HELENA — In Montana’s detention centers, large numbers of inmates and detention officers are in close proximity. That means leaders are having to think about ways to prevent COVID-19 from spreading inside.
“Social distancing in a detention center just doesn’t happen,” said Lewis and Clark County Sheriff Leo Dutton.
Last week, the Lewis and Clark County Sheriff’s Office announced that they would limit the number of visitors in their detention center in Helena. They canceled Alcoholics Anonymous and religious programs for the next two weeks, and asked attorneys to meet with their clients through glass instead of face-to-face.
When new inmates come in, Dutton said officers are checking them for coronavirus symptoms like fever, cough or shortness of breath. They are also asking whether they have been tested for COVID-19, interacted with anyone believed to be infected or traveled to areas with active outbreaks – including New York, California and Washington state, as well as Europe.
Dutton said leaders are emphasizing the use of hand sanitizer and doing extra cleaning around the detention center. He said officers are using gloves and other protective equipment. If someone is found to be showing coronavirus symptoms, they will be given a mask – but Dutton said they don’t have enough for all officers to use them.

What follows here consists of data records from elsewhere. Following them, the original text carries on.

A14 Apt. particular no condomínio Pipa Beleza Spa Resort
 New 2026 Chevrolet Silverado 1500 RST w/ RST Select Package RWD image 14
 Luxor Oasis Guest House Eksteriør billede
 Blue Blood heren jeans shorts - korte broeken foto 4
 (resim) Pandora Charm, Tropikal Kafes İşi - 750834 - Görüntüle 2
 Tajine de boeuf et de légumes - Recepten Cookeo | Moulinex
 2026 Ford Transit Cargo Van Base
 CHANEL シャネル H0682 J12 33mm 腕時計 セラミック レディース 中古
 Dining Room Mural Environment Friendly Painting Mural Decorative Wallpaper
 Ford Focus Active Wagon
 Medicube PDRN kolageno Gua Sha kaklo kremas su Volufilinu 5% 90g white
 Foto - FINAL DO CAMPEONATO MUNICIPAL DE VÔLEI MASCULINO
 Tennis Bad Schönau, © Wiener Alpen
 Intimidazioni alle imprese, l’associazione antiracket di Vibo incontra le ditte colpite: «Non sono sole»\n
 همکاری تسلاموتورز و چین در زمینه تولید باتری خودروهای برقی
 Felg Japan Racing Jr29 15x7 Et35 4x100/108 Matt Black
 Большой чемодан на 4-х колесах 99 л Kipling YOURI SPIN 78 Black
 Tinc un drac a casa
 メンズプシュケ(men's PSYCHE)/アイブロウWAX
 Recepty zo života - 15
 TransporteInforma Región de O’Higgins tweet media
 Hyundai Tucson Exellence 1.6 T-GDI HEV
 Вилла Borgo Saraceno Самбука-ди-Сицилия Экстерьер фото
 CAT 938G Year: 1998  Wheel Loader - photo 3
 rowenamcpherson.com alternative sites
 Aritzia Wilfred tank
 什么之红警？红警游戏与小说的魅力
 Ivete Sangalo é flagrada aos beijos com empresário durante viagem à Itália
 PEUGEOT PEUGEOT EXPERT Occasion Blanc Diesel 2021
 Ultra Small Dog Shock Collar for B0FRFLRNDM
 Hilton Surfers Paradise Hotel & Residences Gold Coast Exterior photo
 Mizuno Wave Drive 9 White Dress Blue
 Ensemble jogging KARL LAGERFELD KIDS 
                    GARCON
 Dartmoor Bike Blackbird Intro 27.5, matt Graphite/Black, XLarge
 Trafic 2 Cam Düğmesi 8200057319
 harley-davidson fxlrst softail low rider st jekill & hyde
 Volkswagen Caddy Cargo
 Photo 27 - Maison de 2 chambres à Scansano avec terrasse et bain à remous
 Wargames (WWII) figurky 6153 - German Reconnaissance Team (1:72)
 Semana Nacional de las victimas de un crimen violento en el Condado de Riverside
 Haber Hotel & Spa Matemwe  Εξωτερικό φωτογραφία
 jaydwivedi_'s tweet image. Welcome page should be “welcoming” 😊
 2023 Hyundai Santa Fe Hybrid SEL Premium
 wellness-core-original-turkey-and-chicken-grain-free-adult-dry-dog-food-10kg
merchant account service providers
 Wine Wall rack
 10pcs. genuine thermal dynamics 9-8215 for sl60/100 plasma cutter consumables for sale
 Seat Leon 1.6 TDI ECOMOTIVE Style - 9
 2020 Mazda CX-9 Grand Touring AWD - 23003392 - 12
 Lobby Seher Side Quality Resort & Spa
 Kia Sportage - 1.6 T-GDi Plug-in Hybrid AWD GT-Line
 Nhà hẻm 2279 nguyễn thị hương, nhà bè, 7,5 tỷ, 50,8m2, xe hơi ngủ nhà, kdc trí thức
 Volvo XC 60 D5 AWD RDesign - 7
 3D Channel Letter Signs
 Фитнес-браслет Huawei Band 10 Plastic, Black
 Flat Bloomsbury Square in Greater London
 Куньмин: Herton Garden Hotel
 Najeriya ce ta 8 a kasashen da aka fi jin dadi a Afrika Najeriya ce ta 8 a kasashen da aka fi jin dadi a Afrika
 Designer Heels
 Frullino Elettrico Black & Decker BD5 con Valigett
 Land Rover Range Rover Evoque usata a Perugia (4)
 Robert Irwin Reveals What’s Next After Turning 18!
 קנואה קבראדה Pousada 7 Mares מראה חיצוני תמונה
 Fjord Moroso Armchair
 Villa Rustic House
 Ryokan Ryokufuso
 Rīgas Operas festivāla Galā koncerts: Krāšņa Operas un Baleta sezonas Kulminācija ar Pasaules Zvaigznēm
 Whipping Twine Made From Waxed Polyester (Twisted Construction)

“I wish I could say that we are wearing masks, but we don’t have them,” he said.
Other sheriffs are also taking action. The Broadwater County and Jefferson County Sheriff’s Offices announced their own precautions against the coronavirus, including limiting in-person visitation and suspending concealed carry applications and fingerprinting.
Some leaders in the state have raised particular concerns about the possibility of COVID-19 spreading within detention centers. Chief Justice Mike McGrath of the Montana Supreme Court sent a letter to local judges last week, urging them to take action to reduce jail populations.
“Because of the high risk of transmittal of COVID-19, not only to prisoners within correctional facilities but staff and defense attorneys as well, we ask that you review your jail rosters and release, without bond, as many prisoners as you are able, especially those being held for non-violent offenses,” the letter said.
For years, leaders have highlighted serious overcrowding at the Lewis and Clark County Detention Center. On Monday morning, it held 100 inmates – compared to the 80 it was designed to hold.
Dutton said he has been in contact with judges to ask them to limit the number of non-violent offenders in the jail. He said, as of Monday, they are also considering not making arrests in some of those cases.
“We are looking at only arresting felony violent offenders,” he said. “If someone has a warrant, we’re going to tell them to see the judge.”
Dutton said they will continue to make arrests in partner and family member assaults, DUIs and other crimes where they are legally mandated to do so.
For those charged with violent felonies, Dutton said his office is close to an agreement with another facility in the area that can securely hold them if they show symptoms and need to be quarantined.
“Right now, we have a group of people that can’t get out of jail,” he said. “We have to work to keep them in jail, but we also have to work to keep them safe.”
The coronavirus could also impact the timeline for the ongoing work to expand the Lewis and Clark County detention center. Dutton said they are working to make sure there is a separation between construction workers and inmates and staff. He said contractors will be making decisions soon on how to move forward with the project.